Referring to FIG. 23, the first shift array circuit 621 may include a first shift array 621(1) to a fifth shift array 621(5), and an output selection circuit 621(6). The first shift array 621(1) to the fifth shift array 621(5) may receive the sign data SIGN<0> of the addition data that is transmitted by the addition circuit (500 in FIG. 12) in common. When the first bit SFT1<0> to fifth bit SFT1<4> of the first shift data SFT1<9:0> are sequentially transmitted to the first shift array 621(1) to fifth shift array 621(5), the first shift array 621(1) to the fifth shift array 621(5) may sequentially perform shift operations.


Specifically, the first shift array 621(1) may perform a first shift operation on the mantissa data MA_ADD<26:0> of the addition data at a time point at which the first bit SFT1<0> of the first shift data SFT1<9:0> is transmitted by the exponent processing circuit (610 in FIG. 21). When the first bit SFT1<0> of the first shift data SFT1<9:0> is “1”, the first shift array 621(1) may output the first shifted data D_SFT1<26:0> by shifting the mantissa data MA_ADD<26:0> of the addition data by a first shift bit (i.e., 1 bit). The second shift array 621(2) may perform a second shift operation on the first shifted data D_SFT1<26:0> at a late time point, among a time point at which the second bit SFT1<1> of the first shift data SFT1<9:0> is transmitted and a time point at which the first shifted data D_SFT1<26:0> are transmitted. When the second bit SFT1<1> of the first shift data SFT1<9:0> is “1”, the second shift array 621(2) may output the second shifted data D_SFT2<26:0> by shifting the first shifted data D_SFT1<26:0> by a second shift bit (i.e., 2 bits).

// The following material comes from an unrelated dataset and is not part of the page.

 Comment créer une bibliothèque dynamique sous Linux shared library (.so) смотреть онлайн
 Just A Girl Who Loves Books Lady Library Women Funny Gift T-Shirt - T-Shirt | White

The third shift array 621(3) may perform a third shift operation on the second shifted data D_SFT6<23:0> at a late time point, among a time point at which the third bit SFT1<2> of the first shift data SFT1<9:0> is transmitted and a time point at which the second shifted data D_SFT2<26:0> are transmitted. When the third bit SFT1<2> of the first shift data SFT1<9:0> is “1”, the third shift array 621(3) may output the third shifted data D_SFT3<26:0> by shifting the second shifted data D_SFT2<26:0> by a third shift bit (i.e., 4 bits). The fourth shift array 621(4) may perform a third shift operation on the third shifted data D_SFT3<26:0> at a late time point, among a time point at which the fourth bit SFT1<3> of the first shift data SFT1<9:0> is transmitted and a time point at which the third shifted data D_SFT3<26:0> are transmitted. When the fourth bit SFT1<3> of the first shift data SFT1<9:0> is “1”, the fourth shift array 621(4) may output the fourth shifted data D_SFT4<26:0> by shifting the third shifted data D_SFT3<26:0> by a fourth shift bit (i.e., 8 bits). The fifth shift array 621(5) may perform a fifth shift operation on the fourth shifted data D_SFT4<26:0> at a late time point, among a time point at which the fifth bit SFT1<4> of the first shift data SFT1<9:0> is transmitted and a time point at which the fourth shifted data D_SFT4<26:0> are transmitted. When the fifth bit SFT1<4> of the first shift data SFT1<9:0> is “1”, the fifth shift array 621(5) may output the fifth shifted data D_SFT5<26:0> by shifting the fourth shifted data D_SFT4<26:0> by a fifth shift bit (i.e., 16 bits).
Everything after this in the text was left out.